(Data extracted from a collection)

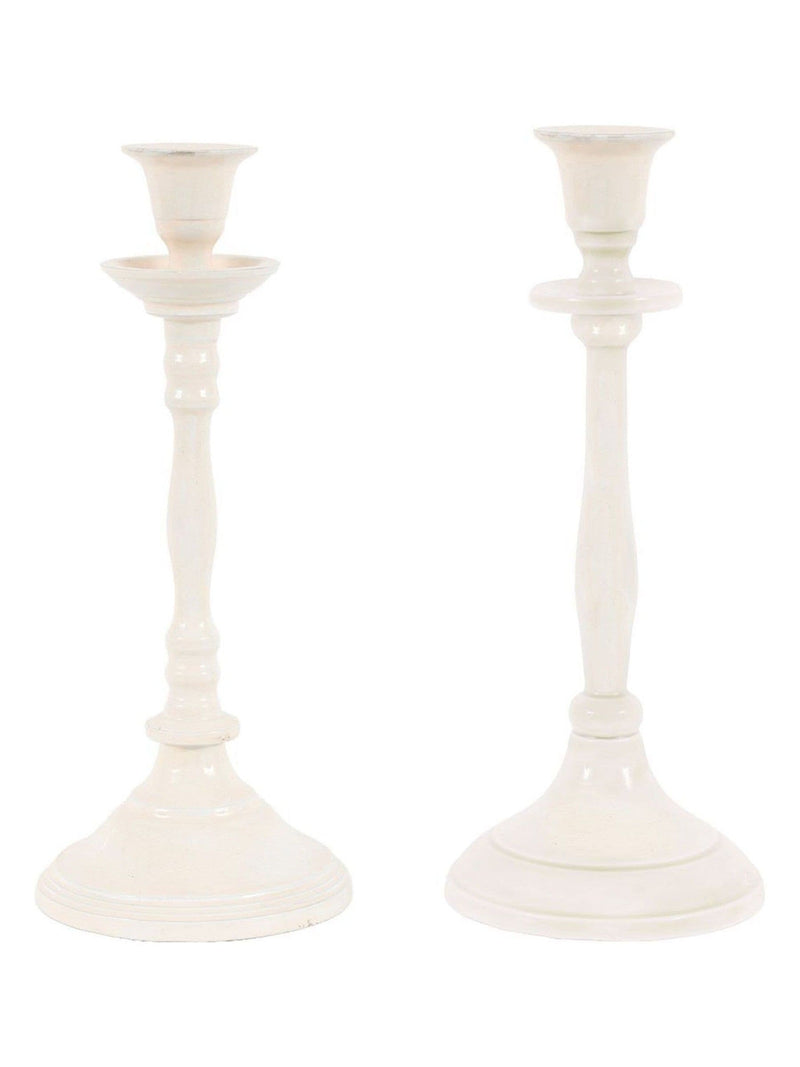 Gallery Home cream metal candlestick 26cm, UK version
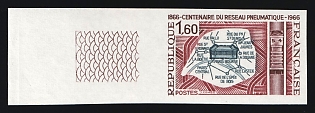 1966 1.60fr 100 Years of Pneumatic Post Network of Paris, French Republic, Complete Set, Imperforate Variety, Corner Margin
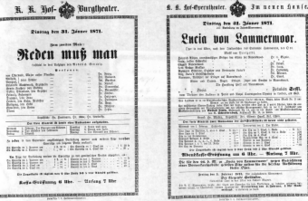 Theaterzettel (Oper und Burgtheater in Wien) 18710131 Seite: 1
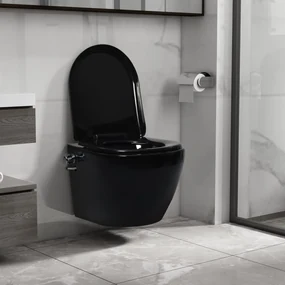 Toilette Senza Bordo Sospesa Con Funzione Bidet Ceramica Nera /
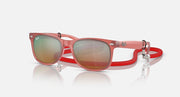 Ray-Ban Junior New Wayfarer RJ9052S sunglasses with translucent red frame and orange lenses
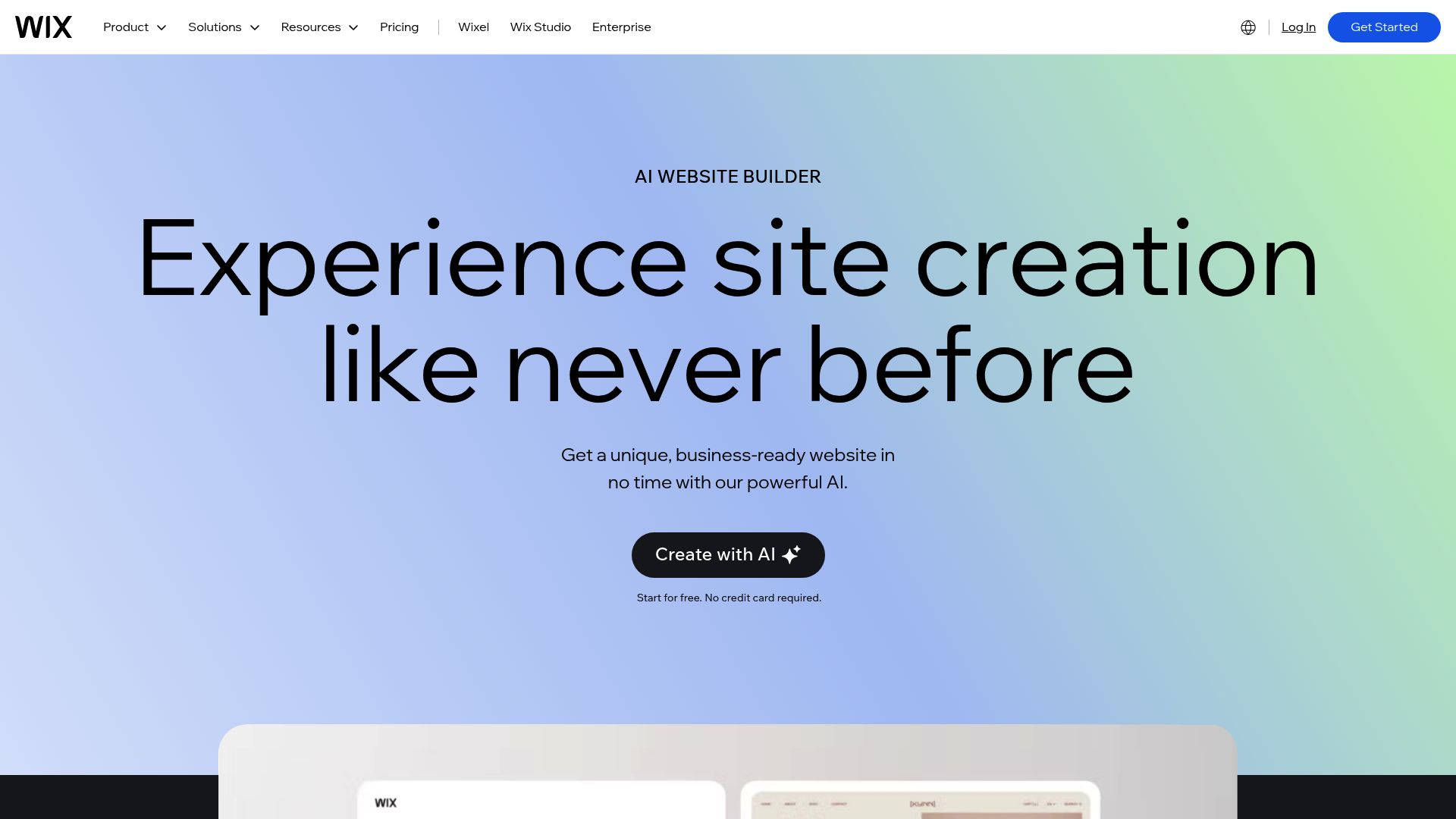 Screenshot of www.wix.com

◆ The task:
The entries are to be written out again exactly, though without any images.

◆ Your response:
 Gallery Home cream metal candlestick 26cm, UK version
 1966 1.60fr 100 Years of Pneumatic Post Network of Paris, French Republic, Complete Set, Imperforate Variety, Corner Margin
 Theaterzettel (Oper und Burgtheater in Wien) 18710131 Seite: 1
 Toilette Senza Bordo Sospesa Con Funzione Bidet Ceramica Nera /
 Ray-Ban Junior New Wayfarer RJ9052S sunglasses with translucent red frame and orange lenses
 Screenshot of www.wix.com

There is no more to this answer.